*** Working data Section Begins ***

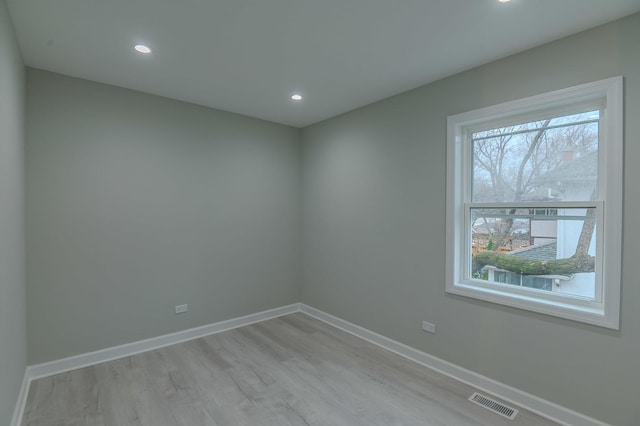 1131 S Ridgeland Ave, Oak Park, IL 60304 - unfurnished room with recessed lighting, baseboards, visible vents, and light wood-type flooring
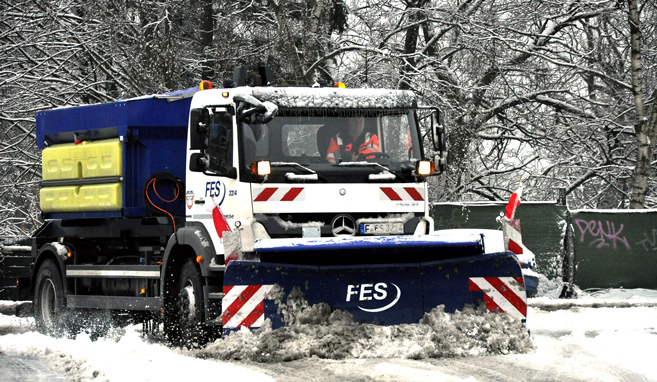 Grossstreuerfahrzeug der FES im Winterdiensteinsatz auf verschneiter Straße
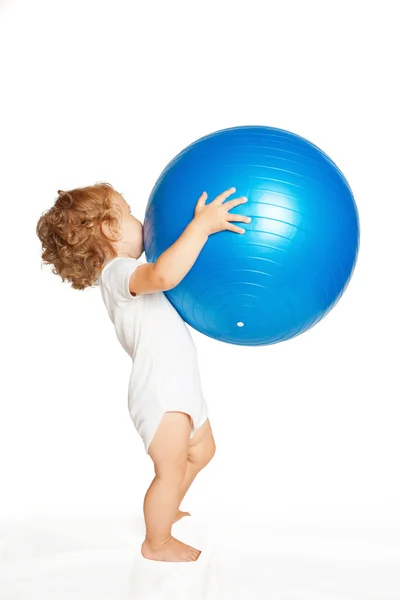 Bébé jouant avec une grosse balle de fitness . — Photo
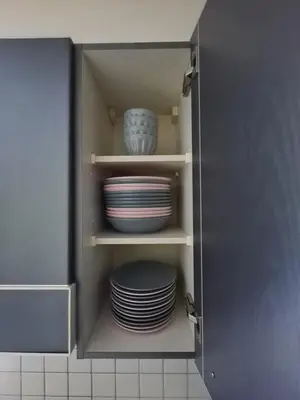 a cupboard with plates and bowls in a kitchen at HOME AWAY FROM HOME in Staad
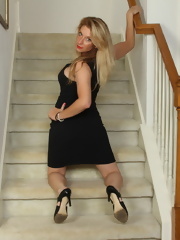 Steamy American MILF playing on the stairway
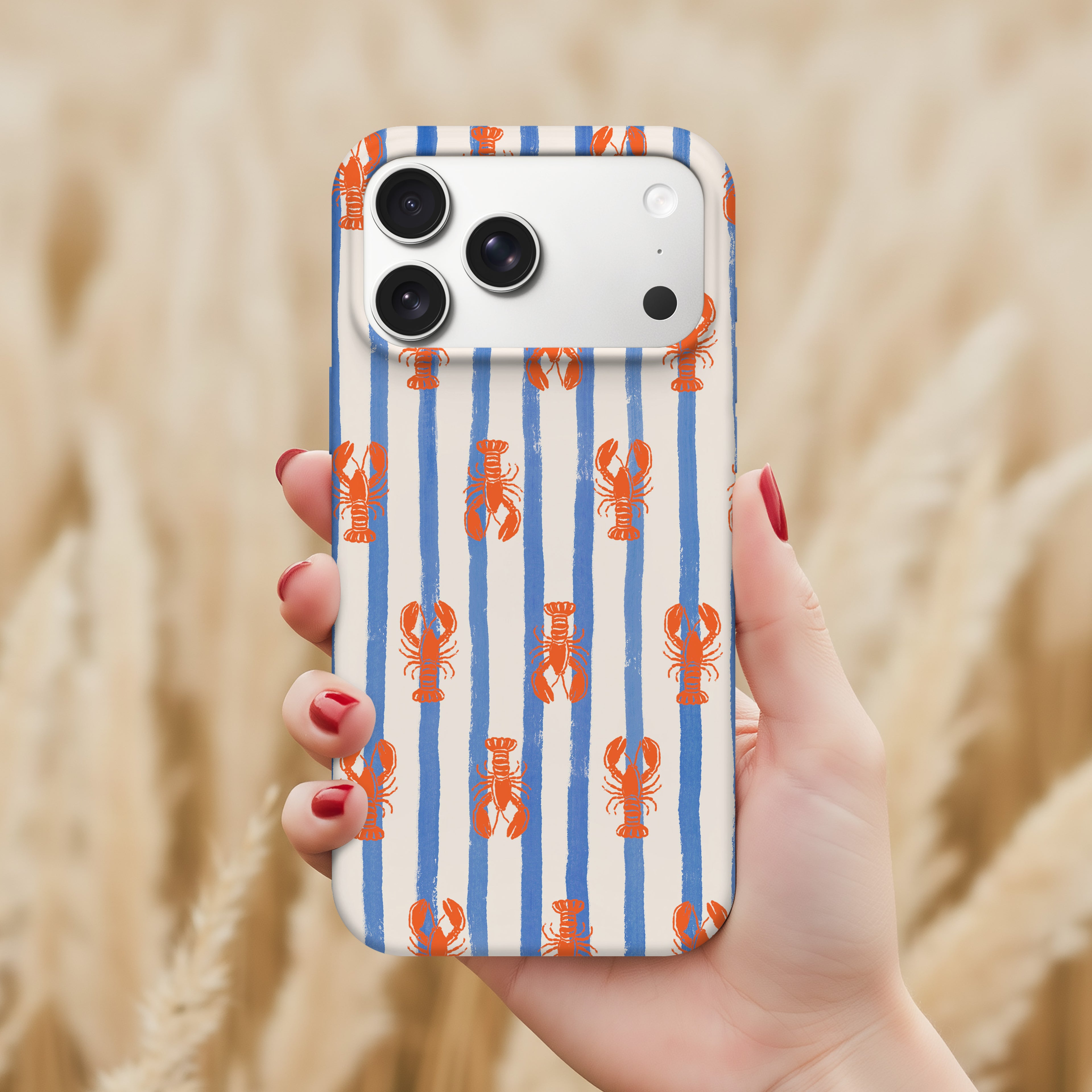 A hand holding a smartphone with a striped pattern of orange and blue lobsters on a white background.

*** Working data Section Ends ***

About this exercise
With images excluded, write the records above out again exactly.

Finished task
 1131 S Ridgeland Ave, Oak Park, IL 60304 - unfurnished room with recessed lighting, baseboards, visible vents, and light wood-type flooring
 Grossstreuerfahrzeug der FES im Winterdiensteinsatz auf verschneiter Straße
 Bébé jouant avec une grosse balle de fitness . — Photo
 a cupboard with plates and bowls in a kitchen at HOME AWAY FROM HOME in Staad
 Steamy American MILF playing on the stairway
 A hand holding a smartphone with a striped pattern of orange and blue lobsters on a white background.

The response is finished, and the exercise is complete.